Harris earns spot in state hall of fame for sports officiating

May 19, 2014 - By Craig Blumenshine, Staff Writer

After refereeing more than 2,000 football and basketball games, and with even more on next year's schedule, Riverton's Pat Harris will join Roosevelt "Rosie" Brown from Casper and Keith Gemar from Gillette as the newest inductees to the Wyoming High School Activities Association and the Wyoming Sports Officials Association Hall of Fame.

The three officials will be recognized formally at an induction ceremony July 25 at the Parkway Plaza, in Casper.

The hall of fame "provides special recognition to individuals who have contributed greatly to the youth of Wyoming through their sports officiating," according to the WHSAA.

Harris has been officiating for 28 years, an official's career that began after he was graduated from the University of Wyoming with a degree in business management.

"I wanted to stay involved with the kids in sports. I knew with me not being in the school district and not being a coach, it was another way to stay involved in sports," Harris said.

Pat's brother Mike Harris, a longtime Riverton coach and sports official, encouraged Pat to begin sports officiating after Pat returned to Riverton after he completed his schooling.

"He got me started. I began officiating in the Riverton Junior Football League and then started reffing junior high and high school," Harris said.

Pat will join Mike as the only brothers who have been inducted into the WHSAA/WSO Hall of Fame, according to Trevor Wilson of the WHSAA.

Harris was a standout, four-sport athlete as a student at Riverton High School before he attended Treasure Valley Community College in Ontereo, Ore., where he played college football for two seasons prior to studying in Laramie.

"I enjoy officiating football more than basketball because I enjoyed the sport more when I was playing," Harris said.

Harris says officiating has become more competitive in recent years and that the WHSAA does a very good job in making officials better.

"You have to go to a mechanics camp every five years to stay certified, and they have a ranking system for each sport for you to get to postseason play. You get evaluated. Way back when, it was a good old boys thing. If you were officiating with the right people, you would get more opportunities."

Harris said that it may be easier to officiate at lower levels in high school rather than in the Class 3-A or 4-A leagues.

"I think that the higher level is tougher. Your kids are more athletic, stronger and faster. They are going to try and get away with more and you have to be more observant. The lower classes, I think they have more fun," Harris said.

Being a sports official carries some risk, as Harris has learned through the years.

"I have taken a spill or two, especially on the football field, and there have been a couple of times in basketball. You are right there next to the court. I've run into cheerleaders, spectators and kids, but I have been fortunate that I haven't hurt myself or someone else," Harris said.

Officiating state tournaments, both in football and basketball, is the atmosphere he enjoys the most.

"You get to know a lot of people. You develop a lot of friendships. When you go to those large venues, that is a lot of fun, seeing kids and past coaches or parents.

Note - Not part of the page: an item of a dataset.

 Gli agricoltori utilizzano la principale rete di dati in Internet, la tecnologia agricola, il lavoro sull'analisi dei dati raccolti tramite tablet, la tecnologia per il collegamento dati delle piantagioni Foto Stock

You see a lot of people," Harris said.

The addition of a third official in basketball has extended his career and will keep him on the road, at least for a few more years -- though he hopes a weekend like he had several years ago with longtime partner Mitch Larson that had the crew in Afton on Thursday, Powell on Friday and Laramie on Saturday is something he won't have to experience again.

"At first it was very tough. If a third official hadn't been added, I would have been done with basketball three or four years ago. I really like it now," Harris said.

Harris is the chief financial officer for Community Entry Services. He and wife Mia live in Riverton.

"I really enjoy the relationships with kids and their parents and camaraderie with the other officials, whether it is a local crew or reffing in postseason with guys you reefed with for many years.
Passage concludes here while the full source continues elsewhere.